Down syndrome is a condition caused by an inclusion in the genome of an extra copy of the 21st chromosome. Otherwise known as trisomy 21, this disorder is relatively common among all human populations.
The causes for trisomy 21 are varied. There are certain risk factors which increase the incidence of Down Syndrome including advanced maternal age and familial history.
Babies born with this birth defect often require extra medical care and often find themselves at higher risk for developing diseases and other medical complications. Down syndrome babies may suffer from cognitive impairment, genetic defects of the heart, hypotonia of key muscle groups and a distinct appearance characterized by deformities including epicanthic folds on the eyes and a round or oval-like face.
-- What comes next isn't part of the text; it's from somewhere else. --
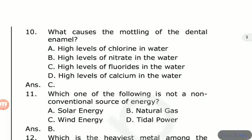Tapioca contains prussic acid, which is hydrocyanic acid. Cola and soft drinks contain carbonic acid and phosphoric acid. This is also related to oxalic acid.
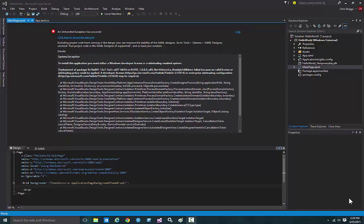The error is that it can't detect my developer license, which is odd because I'm already signed in to my developer account. But the recommended step is to turn off the XAML Designer.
Mothers who give birth for the first time after the age of 35 are at a higher risk of having a baby with Down Syndrome. Indeed, according to a CDC study conducted in 2006, a 45 year old first time mom has a nearly 4% chance of giving birth to a Down Syndrome child; whereas a 30 year old first time mom has 0.2% chance of having a baby with this defect.
Prenatal testing can help obstetricians and parents determine whether an embryo might be at risk for Down Syndrome. Tests include screens of maternal liver proteins, maternal hormone levels and pregnancy hormones in the placenta. The fetus can also be examined via ultrasound to determine if there are any deformities or markers developmentally which would be indicative of Down Syndrome.